The days are long but the years are short


And so it started off like every other year, except last of course. The kids woke up a little later, even Maria did not set her alarm until 7 AM. In past years, she has gotten up as early as 4:30 in the morning to get her self prepped and ready. She’s over that this year being an upper class junior…. Mario surprised me and was ready before Maria. He acts like he doesn’t care but we know he does. At least for the first day of school. By next week, he will be sleeping in until 7:40, throwing on a pair of shorts and t-shirt, and be out of the house by 7:55 to arrive at school right at 8 am. 

Maria has been looking forward to the first day of school since she got out of her last day of school as a sophomore. She absolutely loves to be in the school building, with her friends, learning, talking to teachers. I think she also likes the set routine and regimen. For some people, going to the store to buy new clothes is what gets them excited. For Maria, it is going to the store to get a whole new set of school supplies for the beginning of the year! Mario, to the contrary, has been dreading the start of school since he got out of his seventh grade year. He readily admits that seventh grade was a piece of cake due to most of it being spent online in his PJs (and playing video games on the side while choir was being held). He waited until the last minute to purchase his one supply needed for school – calculator – to which he saw the price and said “we could buy me a new keyboard for this amount – do I really need a calculator?”

Maria is taking five AP classes this year because colleges look for rigorous classes in your junior year. She has watched hundreds of videos about this and as soon as Jon and I try to talk with her about scaling it down, she zips the conversation up. These decisions are hard for a parent. On the one hand you want your daughter to challenge herself and take rigorous courses. On the other hand, you don’t want your daughter to be anxious and overwhelmed with too much on her plate. Jon and I decided to allow her to take the courses after much advocacy on her behalf at the dinner table. She does have three weeks to be able to drop one but I am positive that she will not start to feel the stress until after that period of time. In the end, Jon and I felt that she’s a junior in HS and should have the right to make her own decisions after weighing our input. I may live to regret the decision to not put the kabash on all of those AP classes two months from now but I am hoping for the best. I’ve got to believe letting her make the ultimate decision will provide valuable lessons one way or the other:)

Mario readily admits that this year is going to be difficult for two reasons: he actually has to sit in school for seven hours a day, and he has much more rigorous classes than last year. His history teacher is known to be strict and require a lot of online reading. His algebra teacher gives a lot of homework as well. I am going to have to be glued to the school website to make sure he is keeping up with assignments. I am trying to have some fun with it all and re-learn US history and algebra. God knows I’ve forgotten nearly everything I learned from eighth grade so it will be fun to re-educate myself (or so I think at this point in time but two months in, I am sure I will feel differently)! 

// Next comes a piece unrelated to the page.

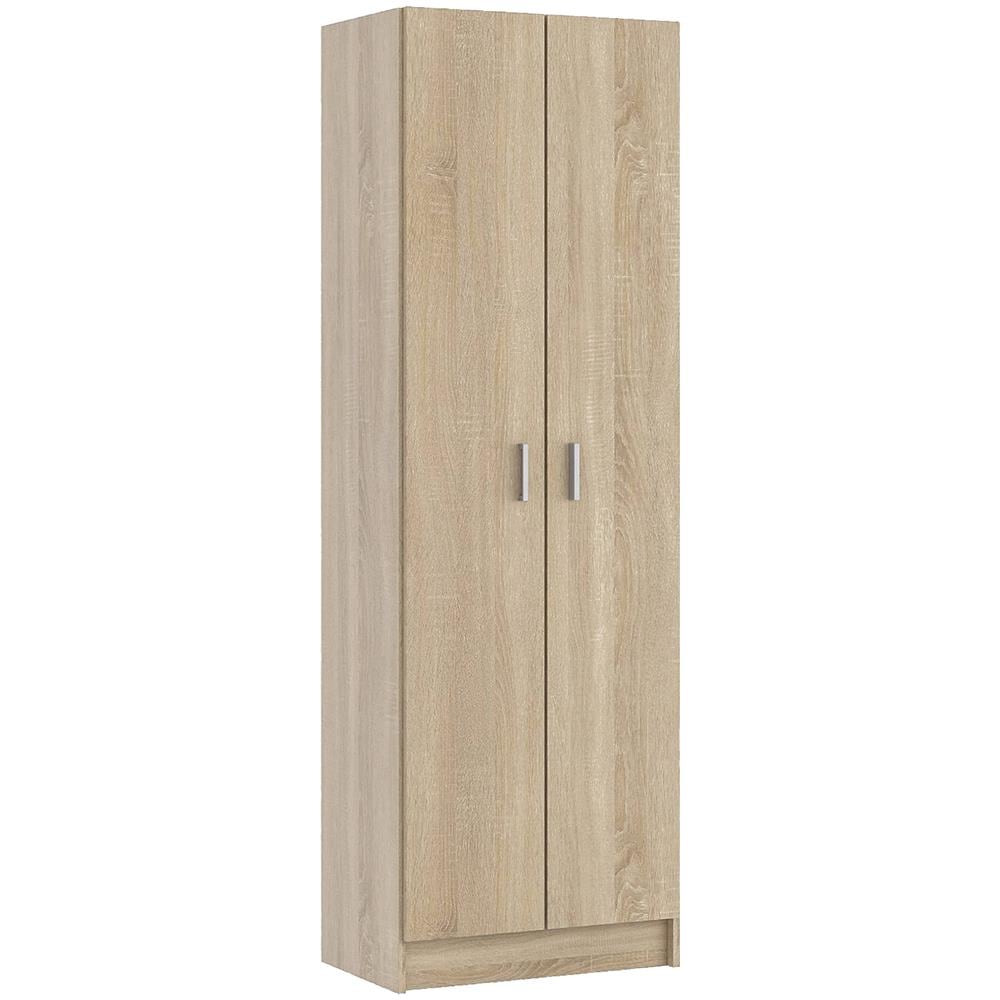 Armadio Multiuso Portsmouth, Mobile Ausiliario A 2 Ante, Guardaroba Portascarpe Moderno, Scarpiera Verticale, 59x37h180 Cm, Rovere - Foto 2
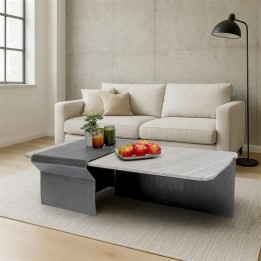 Marble and aluminium coffee table 142x70cm - Montagna - Kare Design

Maria could not wait to be able to drive to school every day. I had some real heart palpitations because I am such a strong believer in getting up and moving your body in the morning. I think a walk to school opens up the mind and gets her ready for the day. That being said, I am a sucker, and let her drive. If she hadn’t been looking forward to driving her junior year ever since she was six years old, I may have came to a different decision. She refused to drive her brother, however, which was going to make me reconsider. Mario, though, didn’t seem too irritated by her decision. He wanted to bike so that he could easily get home for lunch every day. 

I posted their first day of school pictures on Facebook – I have only posted one or two pictures since Covid hit. As I stared at them on the top of the steps I couldn’t believe that he was going into eighth grade and she was only two years away from graduating high school. It is so cliché-ish, but it is so true – the days are long but the years are short. I ached to have them back to their toddler years. The only thing I could do was go back to my photo memories and look at pictures of them as little tykes. I found a picture of the two of them from the first day of school when Mario was in kindergarten and Maria in third grade. I put the pictures side-by-side and looked at them throughout the day. Little humans have turned into big humans. The nervousness of starting school has gone to the wayside and they are now used to the routine every August.  They have every ability to get to school on their own and don’t need me to walk with them and hold their hands. I know that’s a sign of good parenting – they are confident and self-reliant – but boy do I miss holding those little hands in mine.